Unfortunately, as noted by the MDN docs, this only works with strings that contain ASCII characters, or characters that can be represented by a single byte. In other words, this won't work with Unicode.

To see what happens, try the following code:

// Sample string that represents a combination of small, medium, and large code points.
// This sample string is valid UTF-16.
// 'hello' has code points that are each below 128.
// '⛳' is a single 16-bit code units.
// '❤️' is a two 16-bit code units, U+2764 and U+FE0F (a heart and a variant).
// '🧀' is a 32-bit code point (U+1F9C0), which can also be represented as the surrogate pair of two 16-bit code units '\ud83e\uddc0'.
const validUTF16String = 'hello⛳❤️🧀';

// This will not work. It will print:
// DOMException: Failed to execute 'btoa' on 'Window': The string to be encoded contains characters outside of the Latin1 range.
try {
  const validUTF16StringEncoded = btoa(validUTF16String);
  console.log(`Encoded string: [${validUTF16StringEncoded}]`);
} catch (error) {
  console.log(error);
}

Any one of the emojis in the string will cause an error. Why does Unicode cause this problem??

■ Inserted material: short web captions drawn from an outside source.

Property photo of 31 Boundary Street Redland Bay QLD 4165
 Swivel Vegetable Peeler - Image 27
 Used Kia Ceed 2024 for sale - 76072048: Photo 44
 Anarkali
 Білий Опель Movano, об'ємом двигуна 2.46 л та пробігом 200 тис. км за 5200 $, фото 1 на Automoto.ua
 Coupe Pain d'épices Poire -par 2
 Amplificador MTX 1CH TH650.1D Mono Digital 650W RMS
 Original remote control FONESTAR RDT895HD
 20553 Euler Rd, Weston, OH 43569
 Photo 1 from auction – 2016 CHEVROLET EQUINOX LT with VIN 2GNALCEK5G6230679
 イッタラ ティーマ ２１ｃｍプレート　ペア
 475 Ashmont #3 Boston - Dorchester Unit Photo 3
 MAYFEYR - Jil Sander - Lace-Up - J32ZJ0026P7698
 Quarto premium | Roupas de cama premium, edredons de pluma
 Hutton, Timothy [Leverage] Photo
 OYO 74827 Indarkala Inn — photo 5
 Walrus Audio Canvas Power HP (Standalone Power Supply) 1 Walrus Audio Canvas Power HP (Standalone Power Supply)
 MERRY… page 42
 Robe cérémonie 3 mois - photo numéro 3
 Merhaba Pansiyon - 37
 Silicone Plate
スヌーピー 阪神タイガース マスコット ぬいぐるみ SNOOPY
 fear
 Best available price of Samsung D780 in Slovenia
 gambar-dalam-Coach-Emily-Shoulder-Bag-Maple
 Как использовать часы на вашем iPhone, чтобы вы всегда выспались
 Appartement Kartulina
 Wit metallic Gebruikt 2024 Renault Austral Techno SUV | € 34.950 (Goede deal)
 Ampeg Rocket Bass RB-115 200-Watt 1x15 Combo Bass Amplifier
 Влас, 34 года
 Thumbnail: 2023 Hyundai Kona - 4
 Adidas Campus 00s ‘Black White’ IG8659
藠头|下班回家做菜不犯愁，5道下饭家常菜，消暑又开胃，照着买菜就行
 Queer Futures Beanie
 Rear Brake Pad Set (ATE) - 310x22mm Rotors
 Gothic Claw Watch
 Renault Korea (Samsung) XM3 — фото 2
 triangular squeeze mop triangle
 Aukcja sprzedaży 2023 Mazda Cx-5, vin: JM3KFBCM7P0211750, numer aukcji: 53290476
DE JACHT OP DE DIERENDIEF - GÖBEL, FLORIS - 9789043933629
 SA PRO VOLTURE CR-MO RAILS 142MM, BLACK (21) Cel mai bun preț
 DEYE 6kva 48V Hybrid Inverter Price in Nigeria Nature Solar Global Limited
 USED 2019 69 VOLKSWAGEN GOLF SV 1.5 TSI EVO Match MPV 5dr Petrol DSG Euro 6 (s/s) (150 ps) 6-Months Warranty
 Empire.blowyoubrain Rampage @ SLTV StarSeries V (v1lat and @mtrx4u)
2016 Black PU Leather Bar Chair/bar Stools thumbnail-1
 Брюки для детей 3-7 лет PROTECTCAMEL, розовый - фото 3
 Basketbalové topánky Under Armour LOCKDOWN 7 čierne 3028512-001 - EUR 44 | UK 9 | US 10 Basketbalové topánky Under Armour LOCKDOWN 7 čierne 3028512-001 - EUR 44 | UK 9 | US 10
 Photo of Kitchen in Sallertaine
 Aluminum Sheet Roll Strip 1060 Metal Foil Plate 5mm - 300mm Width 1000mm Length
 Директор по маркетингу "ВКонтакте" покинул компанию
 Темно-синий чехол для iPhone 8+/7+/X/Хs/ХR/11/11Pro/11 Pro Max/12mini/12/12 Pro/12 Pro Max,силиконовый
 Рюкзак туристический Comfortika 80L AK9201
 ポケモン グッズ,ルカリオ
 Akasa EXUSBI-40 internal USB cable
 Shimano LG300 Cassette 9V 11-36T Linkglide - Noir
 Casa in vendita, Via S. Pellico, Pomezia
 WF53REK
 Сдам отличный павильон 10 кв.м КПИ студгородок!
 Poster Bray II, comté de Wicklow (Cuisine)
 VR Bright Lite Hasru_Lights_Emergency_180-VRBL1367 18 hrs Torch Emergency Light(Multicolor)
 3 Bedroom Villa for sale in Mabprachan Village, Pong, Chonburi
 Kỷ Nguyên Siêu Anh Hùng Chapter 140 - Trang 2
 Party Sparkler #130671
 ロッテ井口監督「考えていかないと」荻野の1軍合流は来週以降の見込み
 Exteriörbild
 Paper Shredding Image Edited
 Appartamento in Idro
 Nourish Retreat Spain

To understand, let's take a step back and understand strings, both in computer science and JavaScript.

Strings in Unicode and JavaScript

Unicode is the current global standard for character encoding, or the practice of assigning a number to a specific character so that it can be used in computer systems. For a deeper dive into Unicode, visit this W3C article.

Some examples of characters in Unicode and their associated numbers:

h - 104
ñ - 241
❤ - 2764
❤️ - 2764 with a hidden modifier numbered 65039
⛳ - 9971
🧀 - 129472

The numbers representing each character are called "code points". You can think of "code points" as an address to each character. In the red heart emoji, there are actually two code points: one for a heart and one to "vary" the color and make it always red.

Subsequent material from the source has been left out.